* [WHAT YOU NEED TO DO]
Write out the entries verbatim and leave the images out of the copy.

* [RECORDS PROVIDED]
════════════════════
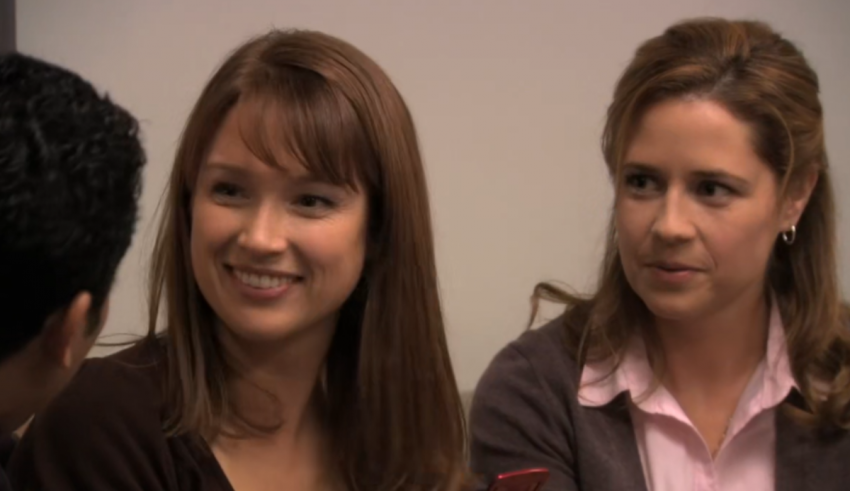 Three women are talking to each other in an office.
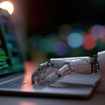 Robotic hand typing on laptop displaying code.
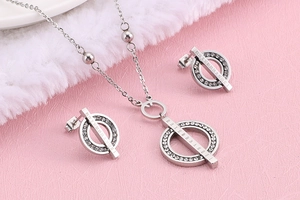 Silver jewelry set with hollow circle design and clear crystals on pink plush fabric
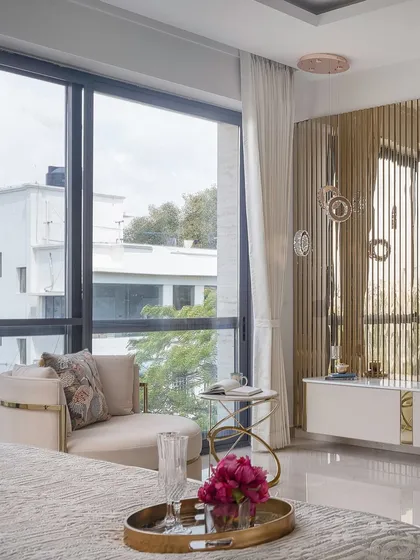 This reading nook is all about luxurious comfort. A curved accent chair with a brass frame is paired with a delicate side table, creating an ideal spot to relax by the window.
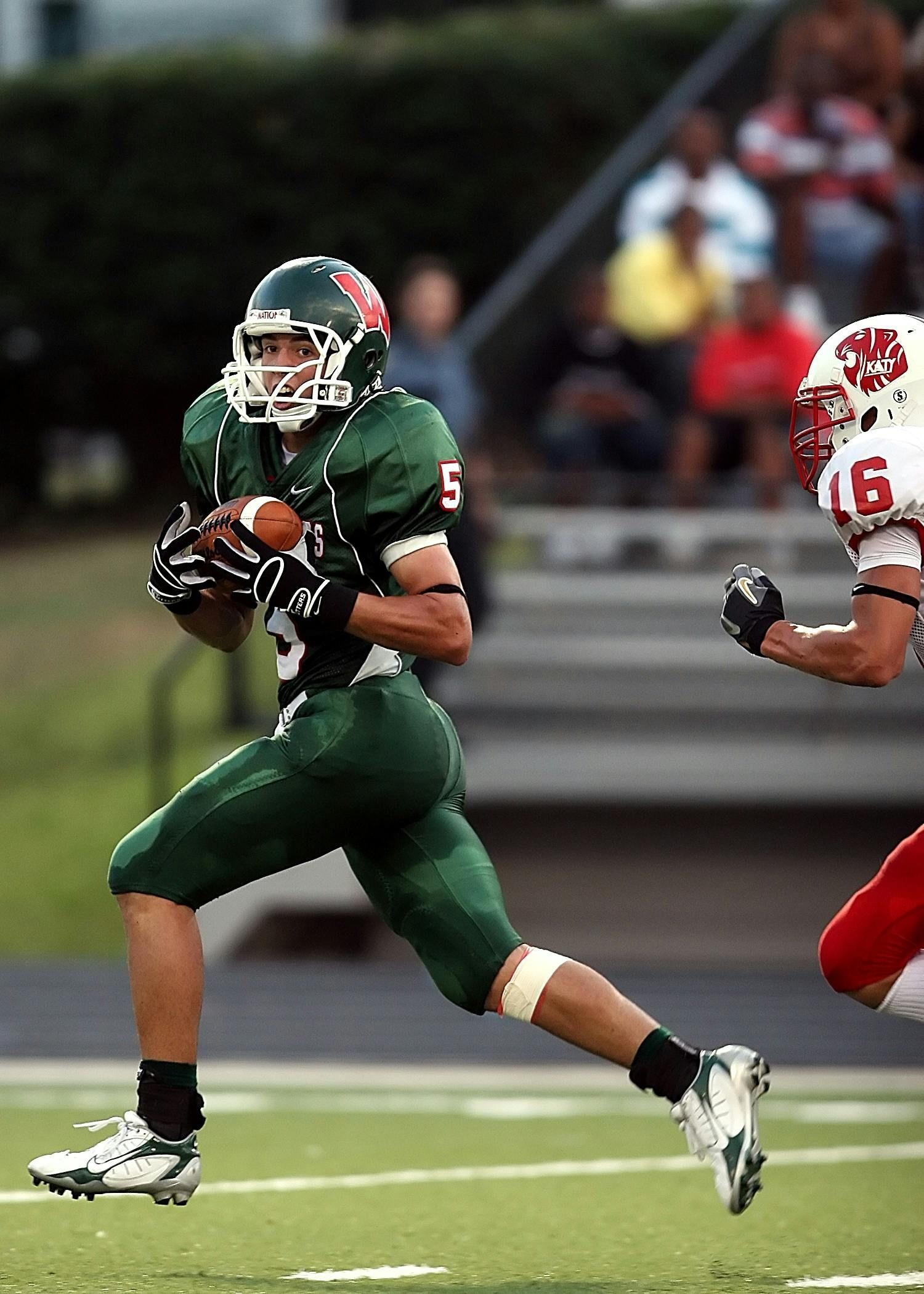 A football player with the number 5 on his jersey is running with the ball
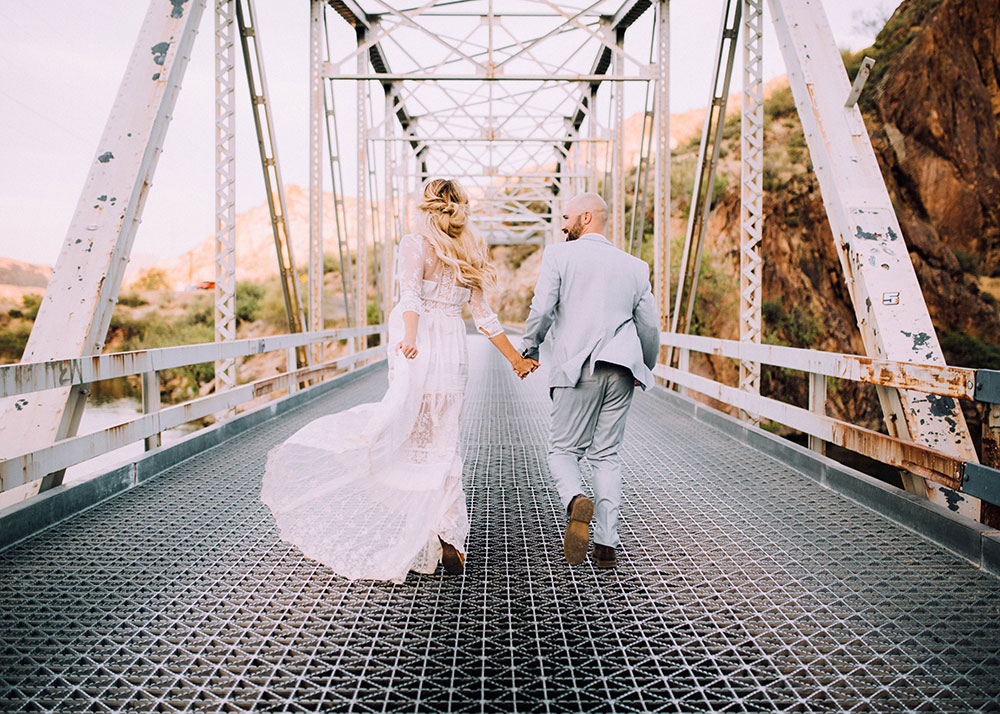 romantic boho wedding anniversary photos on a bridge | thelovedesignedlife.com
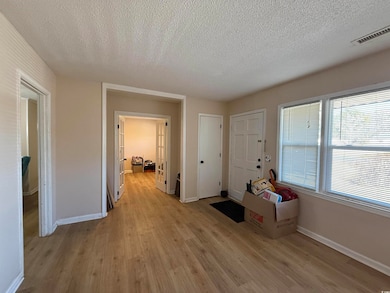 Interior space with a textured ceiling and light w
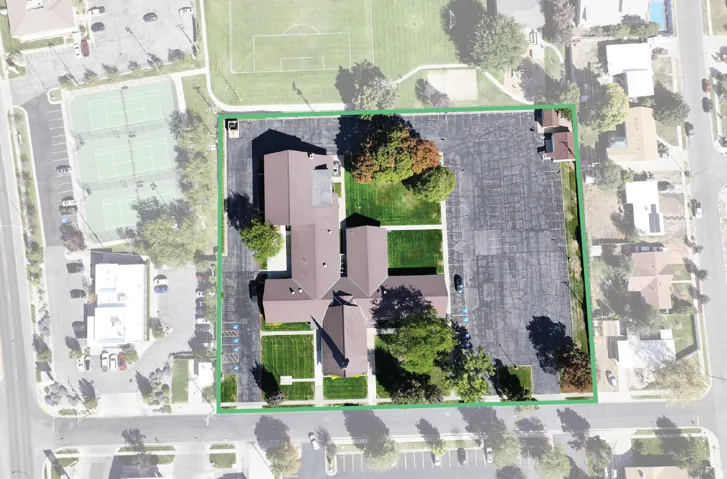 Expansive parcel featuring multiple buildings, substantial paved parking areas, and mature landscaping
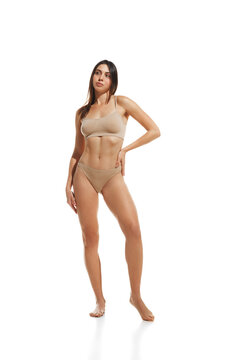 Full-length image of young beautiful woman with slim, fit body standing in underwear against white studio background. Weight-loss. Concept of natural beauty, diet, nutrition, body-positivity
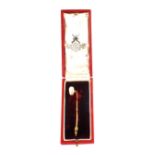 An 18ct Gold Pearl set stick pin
════════════════════
* [SOLUTION FOR THIS EXERCISE]
 Three women are talking to each other in an office.
 Robotic hand typing on laptop displaying code.
 Silver jewelry set with hollow circle design and clear crystals on pink plush fabric
 This reading nook is all about luxurious comfort. A curved accent chair with a brass frame is paired with a delicate side table, creating an ideal spot to relax by the window.
 A football player with the number 5 on his jersey is running with the ball
 romantic boho wedding anniversary photos on a bridge | thelovedesignedlife.com
 Interior space with a textured ceiling and light w
 Expansive parcel featuring multiple buildings, substantial paved parking areas, and mature landscaping
 Full-length image of young beautiful woman with slim, fit body standing in underwear against white studio background. Weight-loss. Concept of natural beauty, diet, nutrition, body-positivity
 An 18ct Gold Pearl set stick pin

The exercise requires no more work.